━━━━━ EXERCISE INPUTS ━━━━━

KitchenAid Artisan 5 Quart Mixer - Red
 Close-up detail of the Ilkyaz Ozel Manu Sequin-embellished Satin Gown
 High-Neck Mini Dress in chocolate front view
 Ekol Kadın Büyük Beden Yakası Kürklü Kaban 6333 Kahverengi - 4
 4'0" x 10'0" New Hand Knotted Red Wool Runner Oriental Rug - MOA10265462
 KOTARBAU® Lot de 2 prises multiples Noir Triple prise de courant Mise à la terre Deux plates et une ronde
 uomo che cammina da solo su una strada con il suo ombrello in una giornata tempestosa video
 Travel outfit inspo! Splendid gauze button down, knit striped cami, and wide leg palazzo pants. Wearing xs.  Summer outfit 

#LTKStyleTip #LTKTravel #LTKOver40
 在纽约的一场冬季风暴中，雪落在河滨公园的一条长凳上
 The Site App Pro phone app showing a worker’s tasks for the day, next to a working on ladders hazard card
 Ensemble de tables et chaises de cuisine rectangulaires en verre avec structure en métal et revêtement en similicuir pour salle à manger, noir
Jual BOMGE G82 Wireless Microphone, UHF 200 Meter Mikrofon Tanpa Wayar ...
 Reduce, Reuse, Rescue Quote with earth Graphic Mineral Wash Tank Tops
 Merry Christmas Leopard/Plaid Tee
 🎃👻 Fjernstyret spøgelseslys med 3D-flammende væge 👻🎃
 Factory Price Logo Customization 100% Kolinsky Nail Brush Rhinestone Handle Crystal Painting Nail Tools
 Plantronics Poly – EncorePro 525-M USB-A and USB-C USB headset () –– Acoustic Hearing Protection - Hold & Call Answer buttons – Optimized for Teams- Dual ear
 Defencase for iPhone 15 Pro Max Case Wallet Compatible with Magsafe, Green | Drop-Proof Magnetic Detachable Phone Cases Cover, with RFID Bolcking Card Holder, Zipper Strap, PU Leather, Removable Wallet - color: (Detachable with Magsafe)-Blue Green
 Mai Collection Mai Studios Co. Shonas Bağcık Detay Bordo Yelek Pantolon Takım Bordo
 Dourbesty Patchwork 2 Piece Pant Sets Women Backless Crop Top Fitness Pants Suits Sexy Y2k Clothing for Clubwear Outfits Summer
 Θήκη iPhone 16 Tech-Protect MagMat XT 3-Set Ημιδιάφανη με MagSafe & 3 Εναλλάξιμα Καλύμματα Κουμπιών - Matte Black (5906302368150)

━━━━━

> [TASK INSTRUCTIONS]: A single number is the whole answer: how many lines in the entries hold the word "Summer".

> [SOLUTION TO THE PROBLEM]: 2